After the condition is confirmed, the purpose of investigation is to discover if there is systemic involvement and if there is an associated disease. As underlying causes are more common in adults, investigations are more appropriate in this group.

• Biopsy is the gold standard not only for diagnosis but also for detection of cutaneous vascular immune complexes by direct immunofluorescence.⁸A list of relevant differential diagnoses can be generated from:
  • The type of vessel disrupted by inflammation (small and/or muscular)
  • The distribution of vasculitis in the dermis and subcutis
  • The predominating inflammatory cell-type mediating vessel wall damage
  It is often omitted in children.
• FBC, ESR, blood chemistry and urinalysis are basic. ESR is often raised and complement is low.
• Stool should be tested for occult blood. Further examination of the gut may be required if occult bloods are positive.
• Autoantibodies and ASO titre should be taken.
• Of the various forms of hepatitis that should be considered, hepatitis C is the most important.
• Positive rheumatoid factor may suggest possible cryoglobulinaemia.
• IgA levels are often raised in Henoch-Schonlein purpura.
• CXR may be carried out as part of the examination of the chest.

If there is an underlying cause that has been established, it needs to be managed.
If a drug is implicated, its discontinuation usually results in resolution in around 2 weeks.

• As the legs are most commonly affected, elevation of the legs or compression stockings may be of value.

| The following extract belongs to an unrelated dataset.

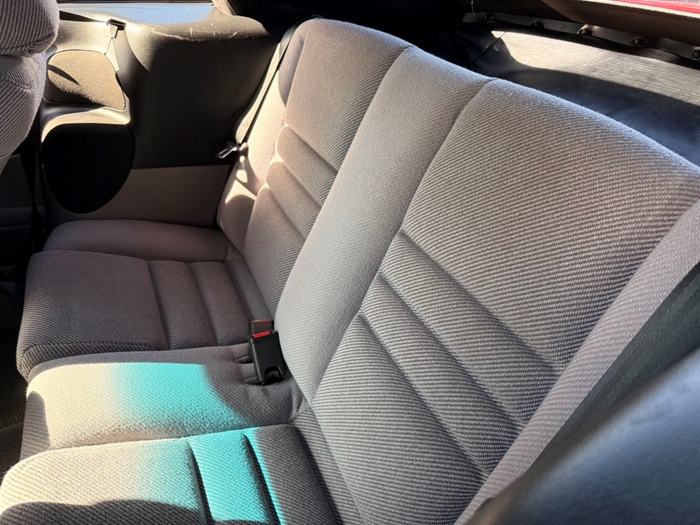 1995 Ford  Mustang Cabrio 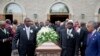 Charleston: Comienzan funerales de víctimas de masacre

Avoiding standing, cold temperatures and tight fitting clothing is also advised.
• If there is a personal or family history of allergy, perhaps with immune complexes and complement consumption, an elimination diet may identify offending food or additives with long term benefit.⁹
• If only the skin is involved with no systemic involvement, colchicine and dapsone have been recommended in the past, but data supporting their efficacy is lacking.¹⁰
• Antihistamines may help pruritus. Sometimes the older, sedating ones, are better. NSAIDs are sometimes beneficial.
• The first-choice agents for mild recurrent disease are colchicine, dapsone, and prednisolone.¹¹
• If there is severe systemic involvement, high dose steroid may be required. In addition immunosuppressive drugs such as azathioprine, cyclophosphamide and methotrexate may be required.
• Plasmapheresis/plasma exchange and intravenous immunoglobulin are potential therapies for refractory disease.
• The new treatments that work via cytokine blockade or lymphocyte depletion such as tumor alpha inhibitor infliximab and the anti-B-cell antibody rituximab, are showing benefit in certain vasculitic conditions, and may also be options for the future.¹²

The majority of cases are short-lived; in one paper around 60% of patients had symptoms resolving in less than 3 months.²The outlook will depend on the underlying cause.⁷ If none is found and only skin and joints are affected, the prognosis is good although recurrence is not uncommon.¹³

• Paraesthesia, fever, and absence of painful lesions have been found to be risk factors for systemic involvement.
• Cryoglobulins, arthralgia, and normal temperature are risk factors for chronic cutaneous disease.¹⁴
• Where the vasculitis presents on a background of Wegener's granulomatosis, polyarteritis nodosa, Churg-Strauss syndrome, or severe necrotizing vasculitis, it can be fatal. Steroids and immune modulators may be life saving.